The mean preoperative contractures were 35.3° (0° to 90°) at the metacarpophalangeal joint (MCPJ), 32.5° (0° to 90°) at proximal interphalangeal joint (PIPJ) (a combined deformity of 67.8°). The mean correction was 33.6° (0° to 90°) for the MCPJ and 18.2° (0° to 70°) for the PIPJ leading to a combined correction of 51.8°. There was a complete deformity correction in 21 fingers (59.5%) and partial correction in 14 digits (37.8%) with no correction in one finger. The mean residual deformities for the partial/uncorrected group were MCP 4.2° (0° to 30°), and PIP 26.1° (0° to 85°). For those achieving a full correction the mean preoperative contracture was less particularly at the PIP joint (15.45° (0° to 60°) vs 55.33° (0° to 90°)). Mean preoperative URAM scores were higher in the fully corrected group (17.4 (4 to 31) vs 14.0 (0 to 28)), but lower at three months post-surgery (0.5 (0 to 3) vs 4.40 (0 to 18)), with both groups showing improvements.
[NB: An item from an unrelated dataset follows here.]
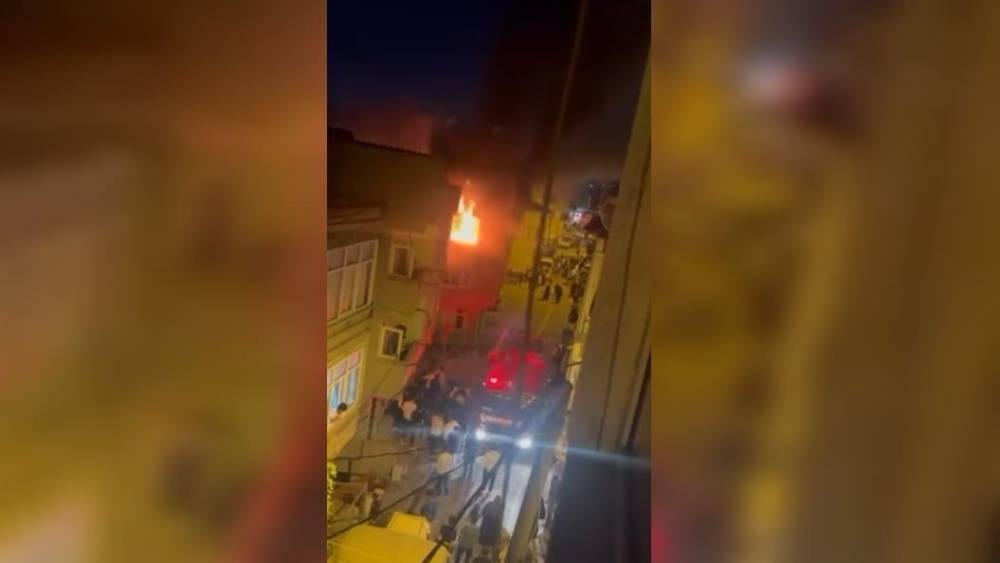 K&uuml;&ccedil;&uuml;k&ccedil;ekmece&rsquo;de metruk binada yangın paniği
Infections occurred in two patients (three digits) and both were successfully treated with oral antibiotics. No other complications were noted. The estimated cost of a fasciectomy under local anaesthetic in the community was £184.82 per patient. The estimated hospital theatre costs for a fasciectomy was £1,146.62 under general anaesthetic (GA), and £1,085.30 under an axillary block.

CONCLUSION

This study suggests that a fasciectomy performed under local anaesthetic with adrenaline and without an arm tourniquet and in a community setting is safe, and results in favourable outcomes regarding the degree of correction of contracture achieved, functional scores, and short-term complications. Local anaesthetic fasciectomy in a community setting achieves a saving of £961.80 for a GA and £900.48 for an axillary block per case. Cite this article: 2020;102-B(10):1354-1358.

摘要

目的

在英国,掌腱膜挛缩症的切除术通常在全身麻醉或区域麻醉下进行,使用臂止血带,并在医院环境下进行。我们已经改变了我们的做法,使用局部麻醉加肾上腺素,不使用臂止血带,并在社区环境下进行手术。我们介绍了连续 30 例患者的结果。

方法

前瞻性收集了 30 名患者(6 名患者有 2 个手指受影响)的 36 个手指接受开放性掌腱膜切除术的数据,随访时间为 1 年,由两位外科医生负责。总共使用了 10 至 20 毫升 1%利多卡因加 1:100000 肾上腺素。采用标准的术后康复方案。术前健康评分、掌指关节(MCP)、近指间关节(PIP)挛缩的量角器测量值以及手关节炎评定量表(URAM)评分在术前和术后 6 周和 12 周进行测量。

结果

MCPJ 的平均术前挛缩为 35.3°(0°至 90°),PIPJ 的平均术前挛缩为 32.5°(0°至 90°)(两者合并畸形为 67.8°)。MCPJ 的平均矫正为 33.6°(0°至 90°),PIPJ 的平均矫正为 18.2°(0°至 70°),导致联合矫正为 51.8°。21 个手指(59.5%)完全矫正,14 个手指(37.8%)部分矫正,1 个手指无矫正。部分/未矫正组的平均残余畸形为 MCP 4.2°(0°至 30°),PIP 26.1°(0°至 85°)。对于完全矫正的患者,术前挛缩程度较小,特别是在 PIP 关节(15.45°(0°至 60°) vs 55.33°(0°至 90°))。完全矫正组的术前 URAM 评分较高(17.4(4 至 31) vs 14.0(0 至 28)),但术后 3 个月较低(0.5(0 至 3) vs 4.40(0 至 18)),两组均有所改善。两名患者(三个手指)发生感染,均经口服抗生素成功治疗。未观察到其他并发症。在社区环境下进行局部麻醉下的掌腱膜切除术的估计费用为每位患者 184.82 英镑。全身麻醉下(GA)行掌腱膜切除术的估计医院手术室费用为 1146.62 英镑,腋部阻滞下为 1085.30 英镑。

结论

本研究表明,在局部麻醉下,使用肾上腺素,不使用臂止血带,在社区环境下进行的掌腱膜切除术是安全的,在挛缩矫正程度、功能评分和短期并发症方面均取得了有利的结果。在社区环境下使用局部麻醉进行掌腱膜切除术,与全身麻醉相比,每例可节省 961.80 英镑,与腋部阻滞相比,每例可节省 900.48 英镑。